### Problem
Below are records; the lines starting at the one with "Close-up do PRETTY" and ending at the one with "Vogelbeobachter-Definition - Beobachter" must be reproduced exactly, both included. Pictures must not appear.

### Supplied material
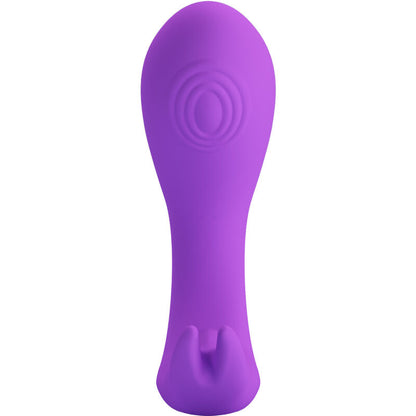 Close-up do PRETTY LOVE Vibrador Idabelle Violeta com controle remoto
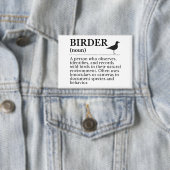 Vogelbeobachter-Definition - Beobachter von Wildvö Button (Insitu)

==

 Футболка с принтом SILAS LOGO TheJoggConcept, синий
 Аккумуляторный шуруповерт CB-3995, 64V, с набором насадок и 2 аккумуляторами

### Answer below
 Close-up do PRETTY LOVE Vibrador Idabelle Violeta com controle remoto
 Vogelbeobachter-Definition - Beobachter von Wildvö Button (Insitu)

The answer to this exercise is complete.